Actually, I could have done this easier by shift-clicking on the string in 
the informer, and hitting alt-shift-E, but I knew I'd need a Workspace 
anyway.

- I found ImageSegment>>prepareToBeSaved. Looking down at the bottom of this 
method, I saw that it was trying to (but didn't) open an inspector. So...

- In my Workspace, I typed in 
	ImageSegment allInstances
and hit alt-shift-I (explore it). I saw that there was one of them.

- I selected this one in the explorer, and typed in
	self prepareToBeSaved
in the bottom of the explorer, and hit alt-D (do it).

- Again I saw the inform dialog, but this time when I hit the OK button I saw 
the inspector pop up. It contained an IdentitySet with one element (which 
printed itself as #ZTime).

- I typed in to the bottom of the dialog
	self anyOne inspect

- This brought up an Inspector on a ReadOnlyVariableBinding whose key was 
#ZTime and whose value was Time

- selecting the key (#ZTime) in the inspector's upper left hand pane, I 
brought up the context menu using the mouse. I chose "objects pointing to 
this value"

[A much better tool for tracing pointers is Avi Bryant's Pointer Explorer, 
available using SqueakMap. I rarely have much success using the "chase 
pointers" choice (the Pointer Finder).].

- I got an inspector on an array with five slots. The last slot was an 
ObjectExplorerWrapper (a side effect of having the other explorer open). But 
the other four were interesting. They were:

	- a big array with symbols and other things in it: #(#EventPollFrequency 
#startUpWithCaption:at:allowKeyboard: #delayedBy: #anchors #panForTrack: nil 
#'read/write segment' #reciprocalFloorLog: an Object an Object #radial 
#packageNamed:ifAbsent: an Object #blockAssociationCheck: an Object an 
Object ...
	- a ClassChangeRecord
	- #ZTime->a ClassChangeRecord
	- another big array: #(Array Project nil a Project(NewChanges) false 
PasteUpMorph TranscriptStream ChangeSet Form HandMorph a StringMorph(2714)'a 
StringMorph(113)''a PasteUpMorph(1263) [world] that was not counted'' that 
was not counted' a StringMorph(3918)'a StringMorph(1420)''a 
SimpleHierarchicalListMorph(1810) that was not counted'' ...

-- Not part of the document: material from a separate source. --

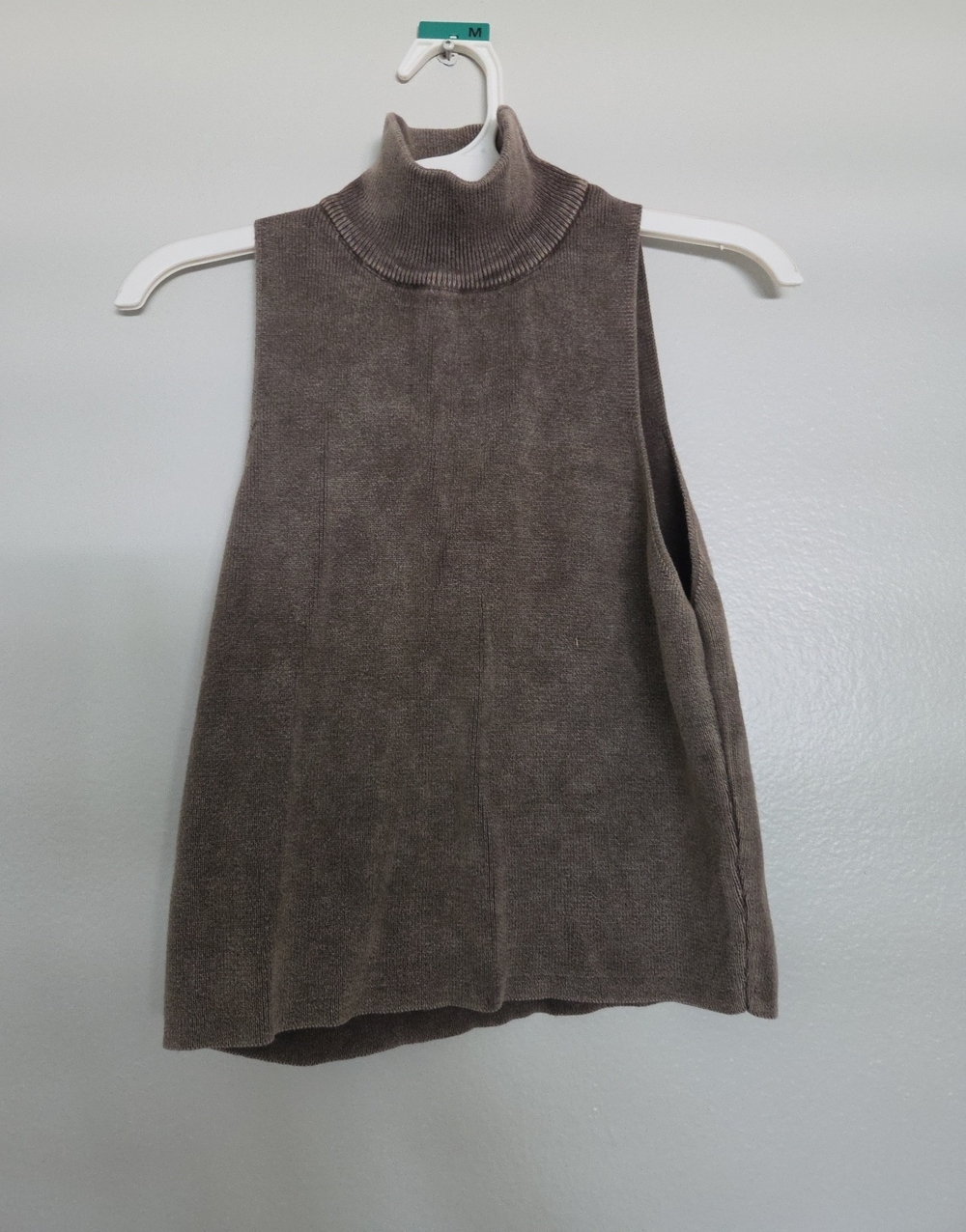 Zara Sleeveless Turtleneck Sweater in Taupe Brown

- I guessed that the two big arrays were used by the ImageSegment, so focused 
on the ClassChangeRecords.

- Now, I knew that ClassChangeRecords lived in ChangeSets, which are pointed 
to by ChangeSorters. Having seen a ChangeSorter in your project, I suspected 
that was the problem. So I selected the association (#ZTime->a 
ClassChangeRecord) and chose from the Inspector context menu "objects 
pointing to it". I saw:

#(#Time->a ClassChangeRecord #TimeStamp->a ClassChangeRecord #ZTime->a 
ClassChangeRecord nil nil nil nil #Date->a ClassChangeRecord nil #ZDate->a 
ClassChangeRecord nil #ZTimeStamp->a ClassChangeRecord)

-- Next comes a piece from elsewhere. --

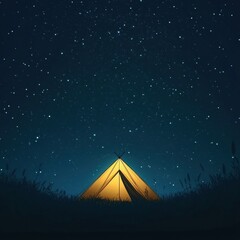 Poster - Starry night sky above a glowing tent nestled in a tranquil outdoor setting. Generative AI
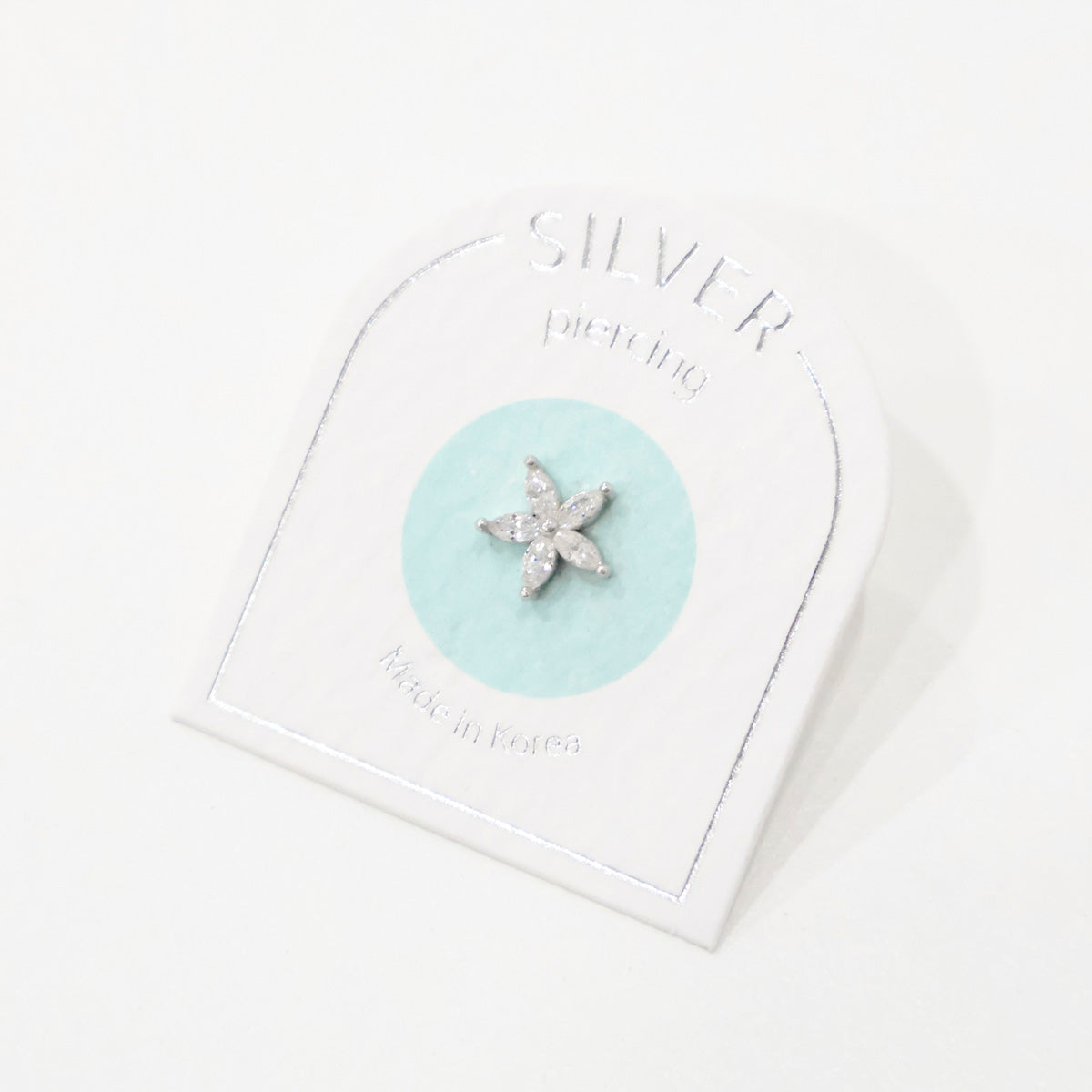 Mini Silver 925 Piercing Flower Cubic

- "Ah, I see" I said to myself. Now I recalled that we renamed some classes in 
the Great Time And Date Revolution around CS 5660. So I did "objects pointing 
to it" another two times until I got to
	a ChangeSet named 5668Chrnl-i-CnvtTDateTTime1

- So now my suspicion that the ChangeSorter was involved was proved. I knew 
how ChangeSorters and ChangeSets were structured, but following the pointers 
further would have led to a ChangeSetCategory and/or the ChangeSorter.

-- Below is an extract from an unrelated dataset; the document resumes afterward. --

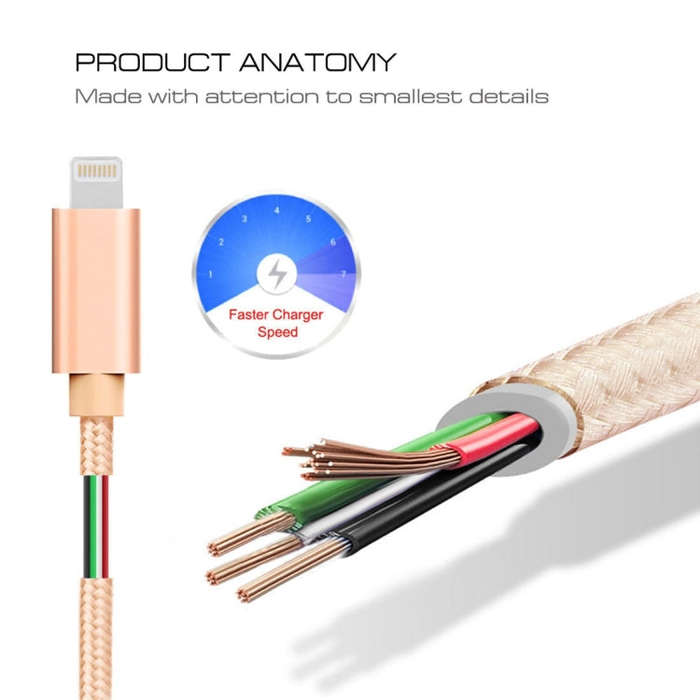 1m 3A Woven Style Metal Head 8 Pin to USB Data / Charger Cable(Gold)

- But the question about why was this one class an unresolved out pointer 
still remained.

The answer was here in ImageSegment>>prepareToBeSaved:

		(Smalltalk associationAt: assoc key ifAbsent: [3]) == assoc ifTrue: [
			outPointers at: (outIndexes at: assoc) put: 
				(DiskProxy global: #Smalltalk selector: #associationAt: 
					args: (Array with: assoc key)).

In other words, since Smalltalk didn't contain #ZTime (this was a temporary 
rename), we didn't replace the association with a DiskProxy.

In the Workspace, you can see other potential problems like this by doing a 
print-it or inspect-it on:

ReadOnlyVariableBinding allInstances
	select: [ :ea | ea value isBehavior and: [ (Smalltalk at: ea key ifAbsent: 
[]) ~~ ea value ]]
	thenCollect: [ :ea | ea key -> ea value ]

which returns:

#(#CRGestureProcessor->AnObsoleteCRGestureProcessor 
#PseudoClassOrganizer->AnObsoletePseudoClassOrganizer 
#CRDictionary->AnObsoleteCRDictionary 
#ClassOrganizer->AnObsoleteClassOrganizer #ZDate->Date 
#CRAddFeatureMorph->AnObsoleteCRAddFeatureMorph 
#CRLookupItem->AnObsoleteCRLookupItem #ZTime->Time 
#IRCProtocolMessage->AnObsoleteIRCProtocolMessage 
#IRCMorph->AnObsoleteIRCMorph #SMTPSocket->AnObsoleteSMTPSocket 
#CRDisplayProperties->AnObsoleteCRDisplayProperties)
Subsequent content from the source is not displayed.